• Work to complete
Write the full listing out again, word for word, but omit the pictures.
START Data shown
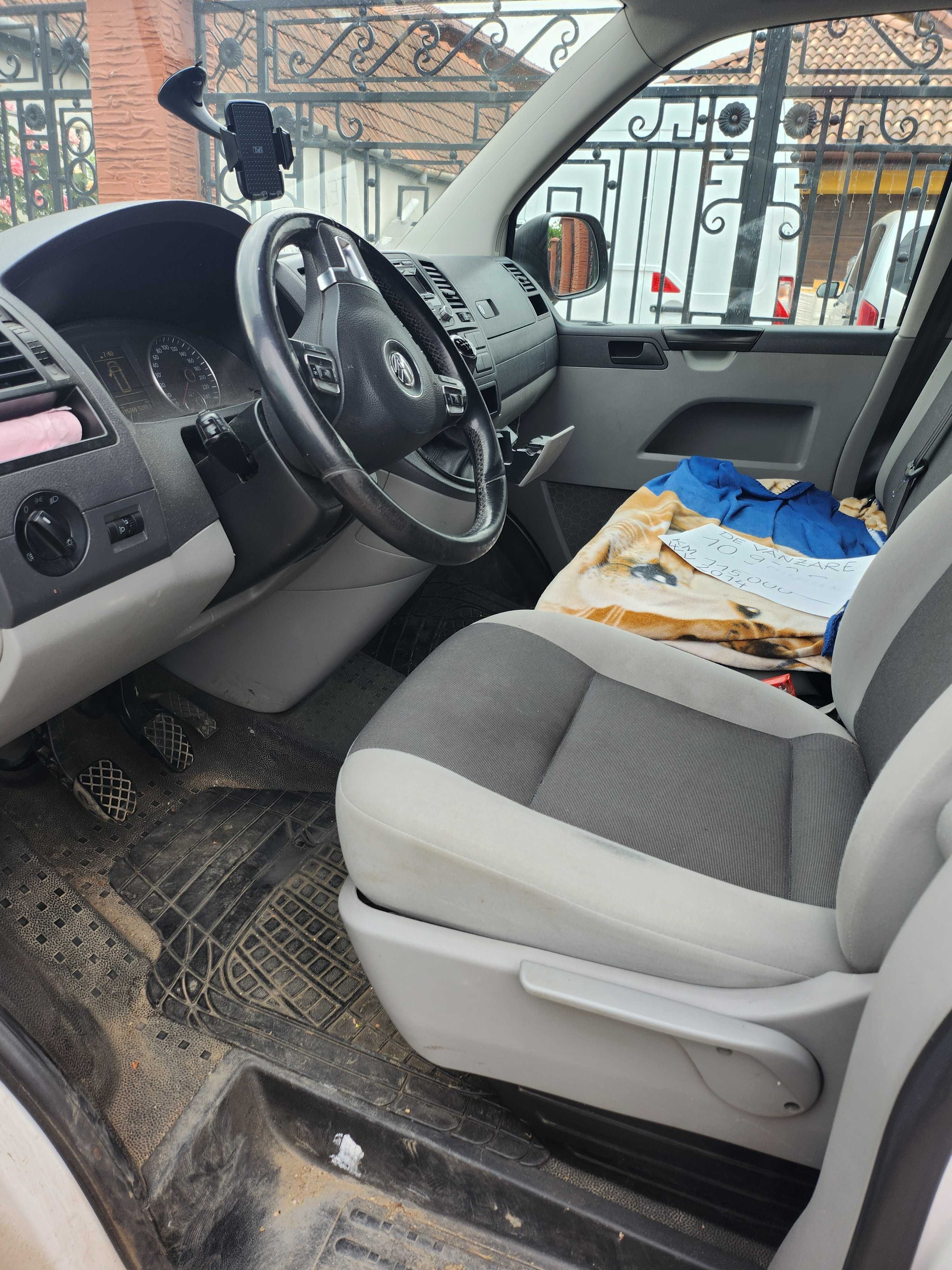 Vand vw T5 2015 in stare perfecta de functionare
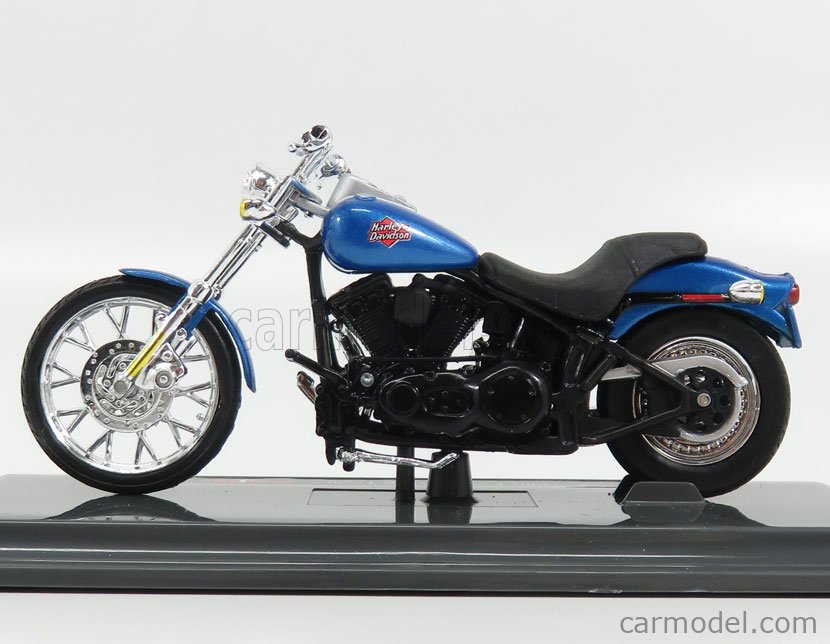1:18 Motorbike Moto Maisto Harley-Davidson 2002 FXSTB Night Train blau metallic 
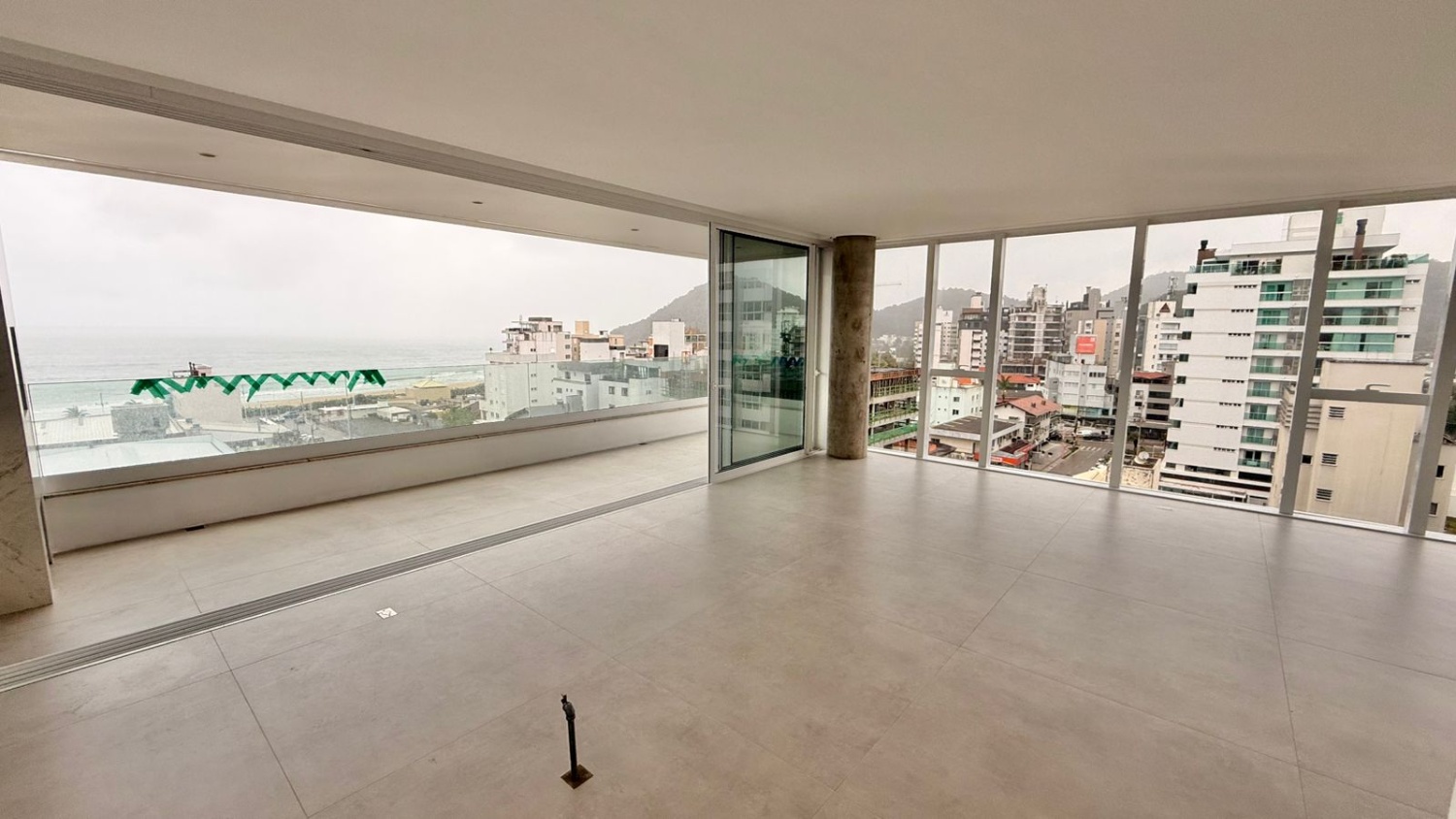 Apartamento no Edifício Riva na Praia Brava - foto 7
END Data shown
• Expected output
 Vand vw T5 2015 in stare perfecta de functionare
1:18 Motorbike Moto Maisto Harley-Davidson 2002 FXSTB Night Train blau metallic 
 Apartamento no Edifício Riva na Praia Brava - foto 7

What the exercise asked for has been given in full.